Objective: The optimal surgical approach for acute type A aortic dissection involving the aortic arch remains controversial. This study aims to evaluate the long-term outcomes of acute type A aortic dissection treated with total arch replacement combined with frozen elephant trunk implantation in a large single-center cohort.
Methods: From 2010 to 2022, patients with acute type A aortic dissection who received total arch replacement with frozen elephant trunk implantation at Fuwai Hospital were selected for clinical data collection and long-term follow-up. Logistic regression and Cox regression analyses were performed to identify risk factors for operative mortality, long-term mortality, and reoperation.
Results: A total of 1672 patients underwent total arch replacement with frozen elephant trunk implantation, of whom 79.9% (1336/1672) were male with a median age of 48 years. The operative mortality rate was 6.3% (105/1672). The 10-year survival was 81.4%, and the most extended follow-up was over 13 years. Among the survivors, 89.7% (1303/1453) had complete self-care ability and were able to engage in general physical work.
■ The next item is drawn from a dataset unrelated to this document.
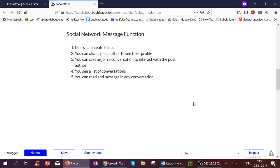This video will go over how to create a messaging function for a social network. Step by step, we'll first go through creating posts, then clicking a post author to go to their profile, then either creating or joining a new conversation to interact with a post author, then seeing a list of all your conversations with all post authors, and then reading and messaging in one of those conversations.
The 10-year cumulative incidence of reoperation was 13.3%. Multivariable logistic regression analysis revealed that male gender was associated with a reduced risk of operative death (odds ratio, 0.95, 95% CI, 0.92-0.98) and long-term death (hazard ratio, 0.68, 95% CI, 0.48-0.96).
Conclusions: Total arch replacement with frozen elephant trunk implantation demonstrates acceptable operative mortality and promising long-term outcomes for acute type A aortic dissection. Female patients face higher risks of operative and long-term mortality compared with male patients. Total arch replacement with frozen elephant trunk implantation provides patients with encouraging long-term quality of life and is advisable for acute type A aortic dissection in experienced centers.
Keywords: acute aortic dissection; aortic surgery; long-term outcomes; total arch replacement.